Le marché du ciment à Kinshasa a connu un revirement notable cette semaine. Actuellement, un sac de ciment se vend à environ 11 dollars, soit une baisse significative par rapport aux 21 dollars enregistrés il y a trois semaines. Cette chute des prix résulte directement de la fin de la grève des chauffeurs de camions remorques, qui avait fortement perturbé l’approvisionnement de la capitale.

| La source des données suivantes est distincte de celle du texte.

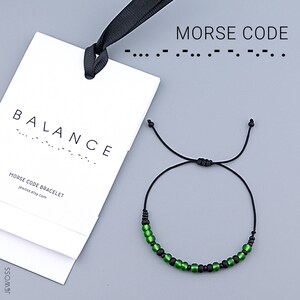 Op de afbeelding: Een zwarte verstelbare armband met groene en zwarte kralen. De armband ligt naast een wit label met het woord "BALANCE" en de tekst "MORSE CODE BRACELET". De afbeelding bevat ook de Morsecode voor "BALANCE".
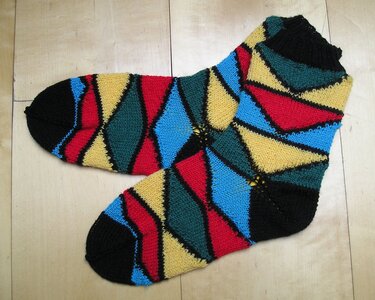 Paar gestrickter Damensocken mit diagonalen Rauten in Schwarz, Rot, Blau, Gelb und Grün auf hellem Holzuntergrund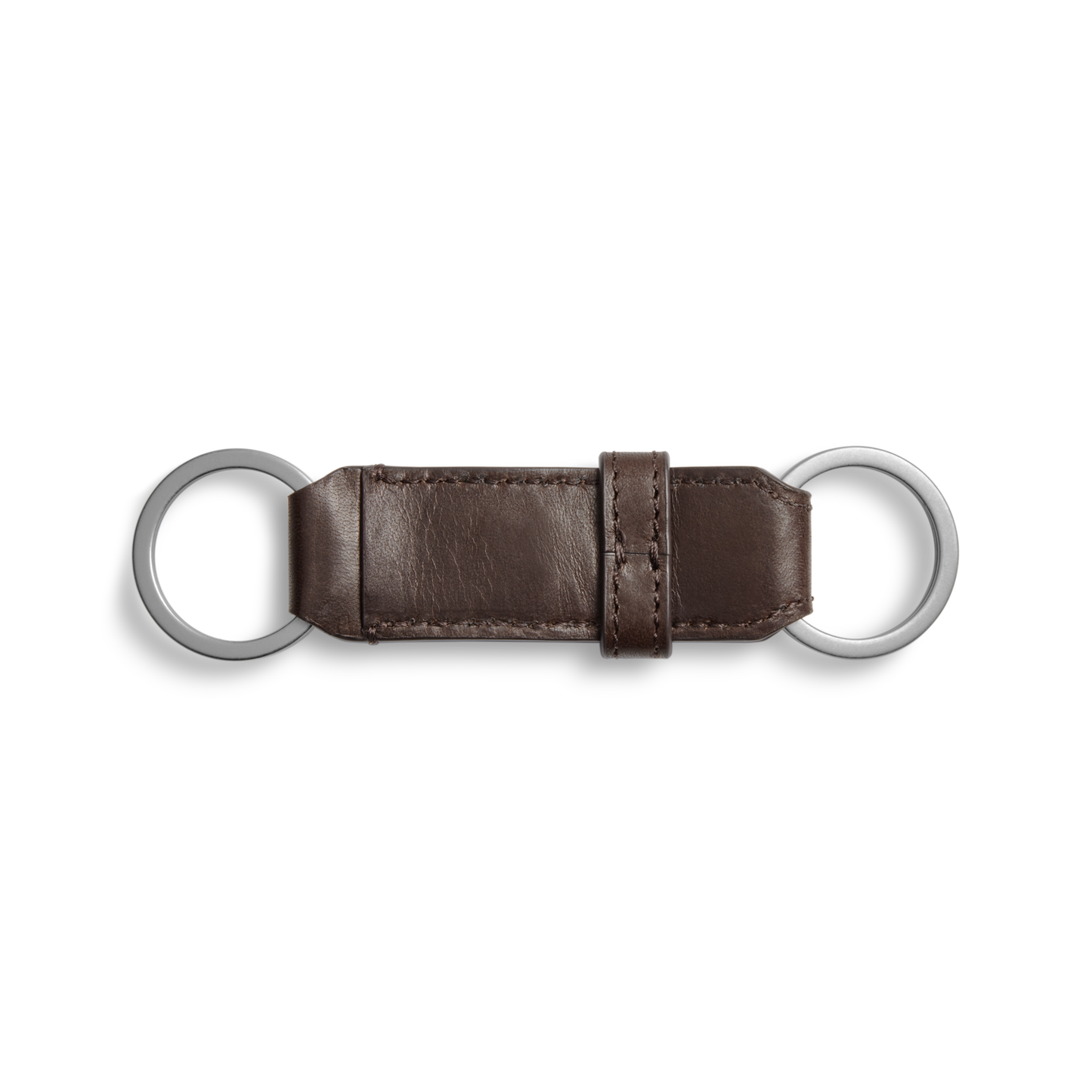 The Shinola Leather Valet Key Fob in dark brown features two silver rings joined by a visible-stitched leather strap and central loop, shown against a white background.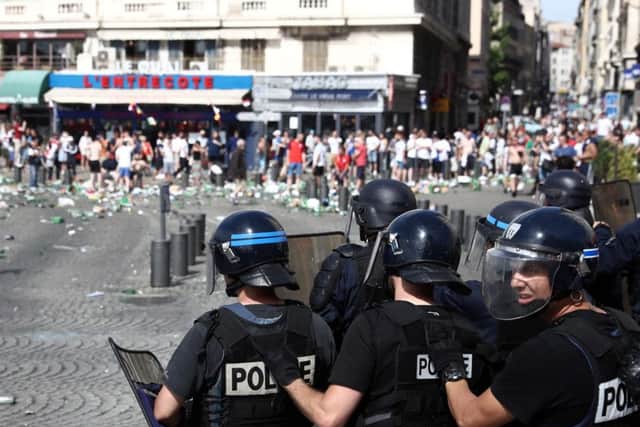 England fans clash with police prior to the match with Russia on Saturday, June 11. Picture: Getty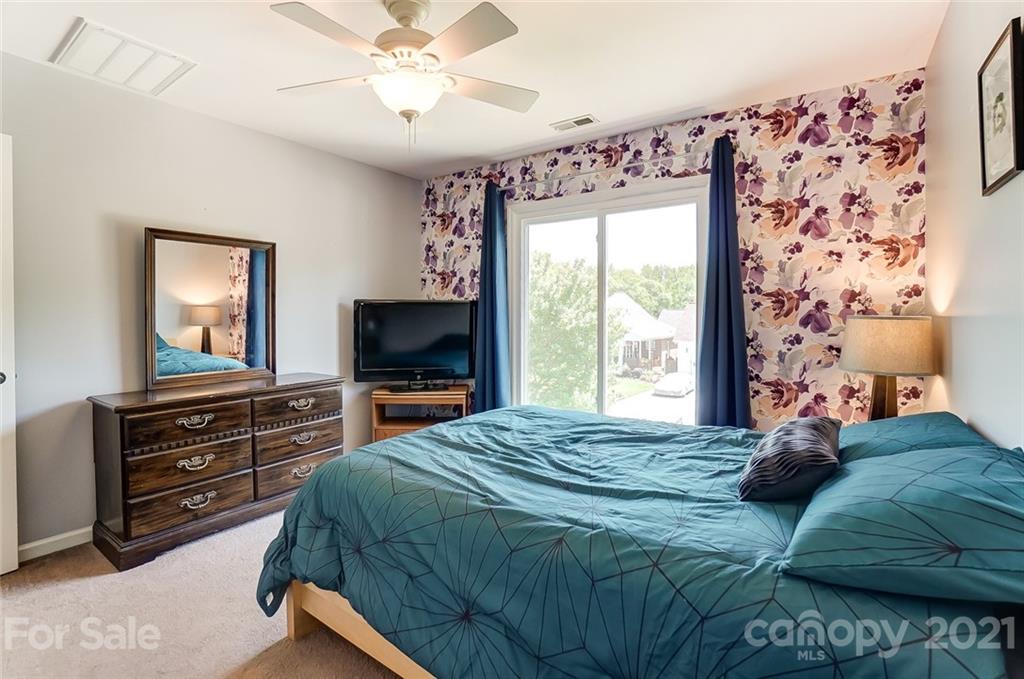 1999 Steeplechase Drive Rock Hill, SC 29732 - Photo 25 of 34 a bedroom with a bed and a flat screen tv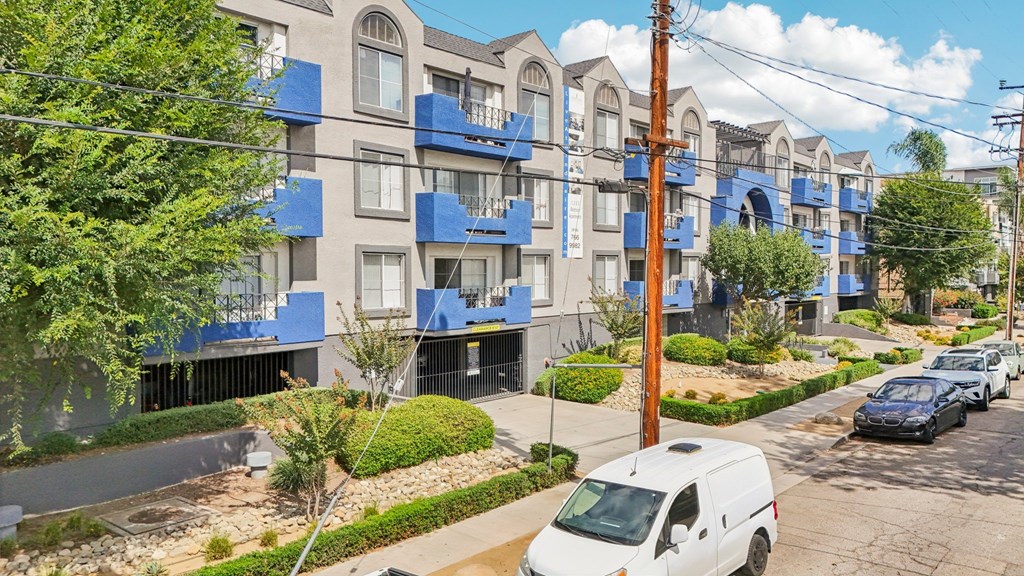A white van is parked on the side of a street.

Avant le déclenchement de la grève, fin mai 2025, le prix d’un sac de ciment oscillait entre 31.000 et 34.000 FC. Toutefois, durant la période de grève, les prix ont grimpé en flèche, atteignant jusqu’à 60.000 FC (environ 21 dollars). Cette flambée avait paralysé de nombreux chantiers à Kinshasa, provoquant des retards et des frustrations parmi les acteurs du secteur de la construction.

Depuis la signature d’un accord entre le gouvernement central et les syndicats des chauffeurs, la situation s’est progressivement normalisée. L’approvisionnement en ciment a repris à un rythme régulier, entraînant une baisse rapide des prix. Aujourd’hui, dans la majorité des communes de Kinshasa, un sac de ciment se vend entre 31.000 et 33.000 FC.

Les tenanciers de dépôts se montrent optimistes. Certains estiment que le prix pourrait même descendre à 10 dollars si le flux d’approvisionnement reste constant. Cette perspective ravive l’espoir des entrepreneurs et des particuliers, qui souhaitent une stabilisation durable du marché.

Néanmoins, la prudence reste de mise. Le marché du ciment demeure sensible à plusieurs facteurs, tels que d’éventuelles grèves, des perturbations logistiques ou encore des variations saisonnières de la demande. Une vigilance continue s’impose pour anticiper de nouvelles fluctuations.

Quoi qu’il en soit, la récente baisse du prix du ciment constitue une bouffée d’oxygène pour les consommateurs et les professionnels du bâtiment. Alors que Kinshasa tente de tourner la page des perturbations, l’optimisme renaît autour d’une offre plus accessible et stable.